Is it the best we can do? Could we be doing things better? And it's kind of imagining that there might be a different way to do things, even whilst acknowledging that within the constraints of the system there might not be. This might be what you need to do. And that's the kind of difference, isn't it, between the individual level and the bigger where are we going, societal level. And I think we have to try and hold both of those in mind.

Rosie Gilderthorp:

But it's a really difficult thing to do. And I think that's why I was really pleased when I saw your podcast launch, because, even though I guess we won't always agree with everything that is said, it's encouraging us to really think, is this the best we can do? I love that question. We should always be asking, is this the best we can do for people?
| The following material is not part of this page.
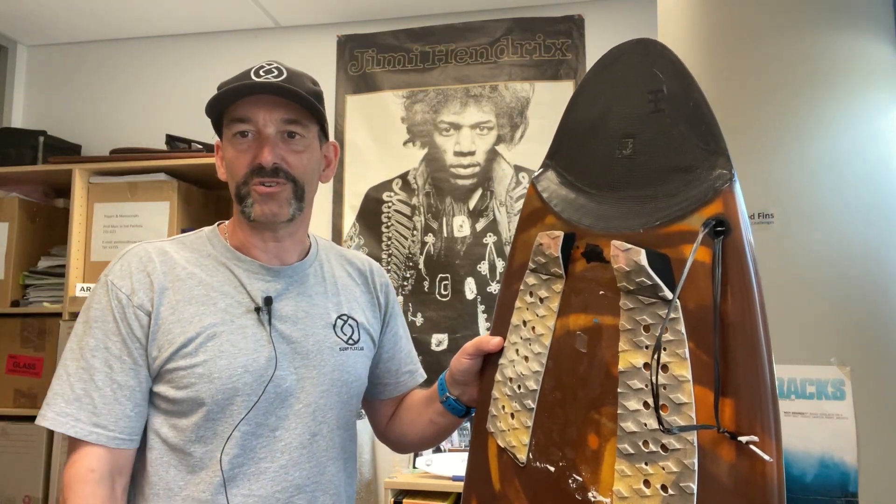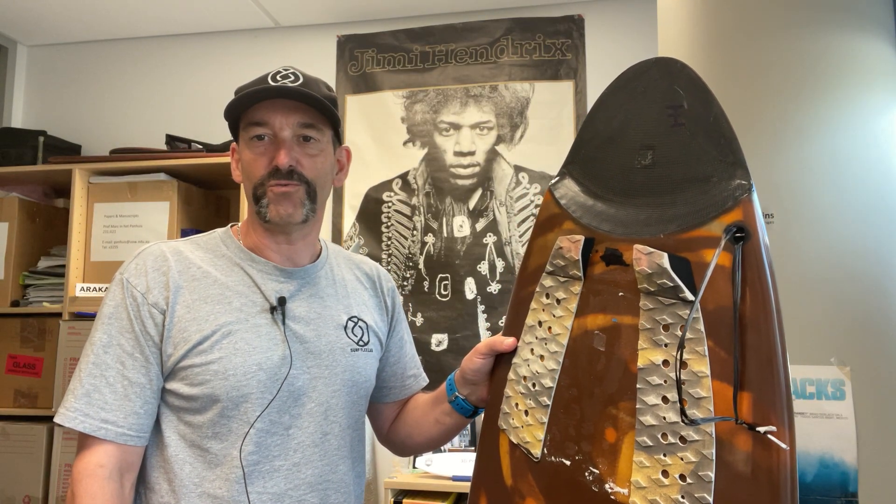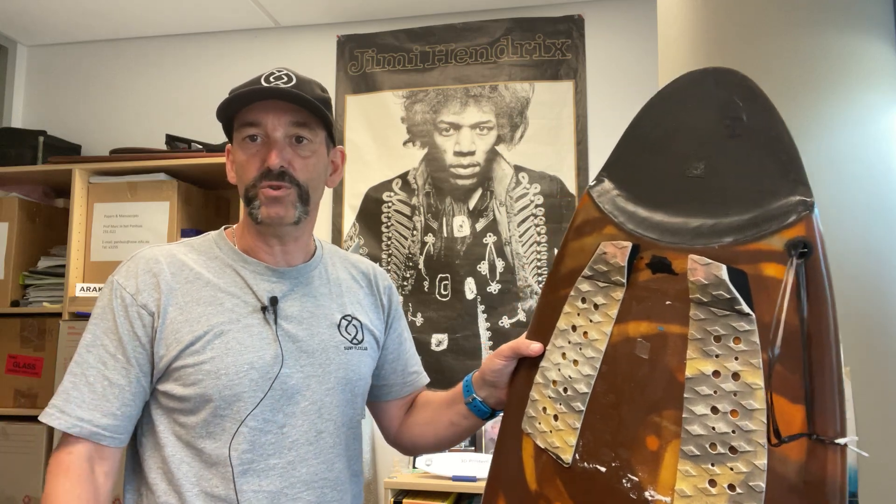Hi, my name is Mark. I'm from the Surf Flex Lab at the University of Wollongong in Australia. And today I want to talk a bit more about flex control in surfboards and different ways of doing this.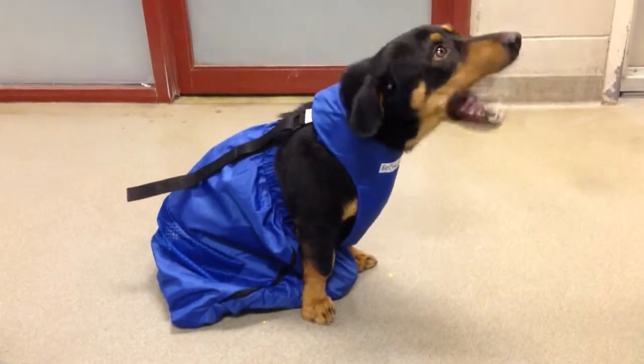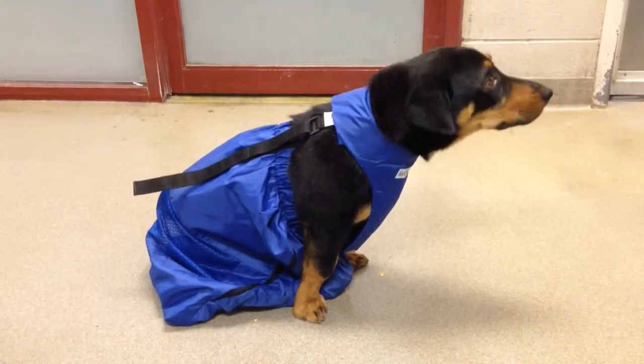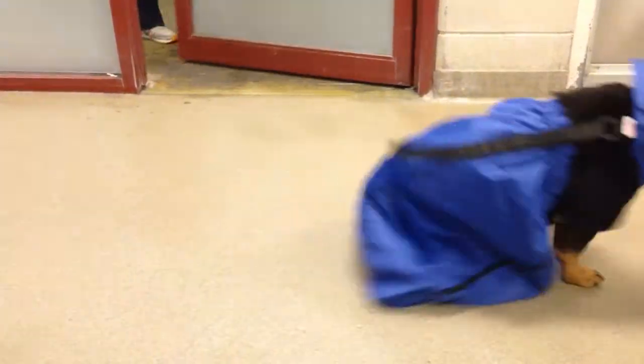Good boy, Ozo. Good boy. You're walking in? Whoa, come on — give it to me. Here we go, good boy.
And if we are all coming from that perspective, even if we disagree, surely we can do it compassionately.

Naomi Fisher:

Yes. You'd hope so, wouldn't you? And I think that is the case. I think whenever I've, all the people I've talked to, whether they think that, y'know people have such different ideas about what will help, but all the people I've talked to so far really do share this conviction that they want the best that they can get, the best that we can possibly do for children and families really, but adults as well, but particularly for children.

Rosie Gilderthorp:

So I think that's a good place for us to finish. I know that people are gonna want to go off and read more of your stuff and listen to your new podcast. So where's the best place for people to go?

Naomi Fisher:

My website is naomifisher.co.uk or substack is where my podcast is, and it's called Lets Talk Neurosense, and I actually also have another Substack newsletter called Think Again: Making Childhood fit for Children. And that's just writing. Just subscribe to them, you'll hear about what we're doing.

Rosie Gilderthorp:

Amazing. And I have to say, I think you're really good at titles. I think I always thought Think Again was a brilliant title for your substack and I think it's a great title for the podcast as well, really good. So well done. Thank you so much for joining us, Naomi.

Naomi Fisher:

Thank you so much. It's been lovely to be here.